### [Aim of the exercise]
Print out the full listing exactly as it reads.

====== Data extracts ======

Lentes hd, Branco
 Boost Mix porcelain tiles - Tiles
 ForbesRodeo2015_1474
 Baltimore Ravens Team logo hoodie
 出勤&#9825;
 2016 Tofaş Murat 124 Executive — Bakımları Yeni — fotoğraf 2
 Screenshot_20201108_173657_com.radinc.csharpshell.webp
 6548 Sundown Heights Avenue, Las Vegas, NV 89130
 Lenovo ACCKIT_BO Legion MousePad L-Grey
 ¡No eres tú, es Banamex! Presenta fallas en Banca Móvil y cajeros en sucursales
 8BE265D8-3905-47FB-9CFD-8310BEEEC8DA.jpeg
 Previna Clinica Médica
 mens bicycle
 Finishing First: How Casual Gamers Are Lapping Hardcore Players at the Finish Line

======

### [Written solution]
Lentes hd, Branco
 Boost Mix porcelain tiles - Tiles
 ForbesRodeo2015_1474
 Baltimore Ravens Team logo hoodie
 出勤&#9825;
 2016 Tofaş Murat 124 Executive — Bakımları Yeni — fotoğraf 2
 Screenshot_20201108_173657_com.radinc.csharpshell.webp
 6548 Sundown Heights Avenue, Las Vegas, NV 89130
 Lenovo ACCKIT_BO Legion MousePad L-Grey
 ¡No eres tú, es Banamex! Presenta fallas en Banca Móvil y cajeros en sucursales
 8BE265D8-3905-47FB-9CFD-8310BEEEC8DA.jpeg
 Previna Clinica Médica
 mens bicycle
 Finishing First: How Casual Gamers Are Lapping Hardcore Players at the Finish Line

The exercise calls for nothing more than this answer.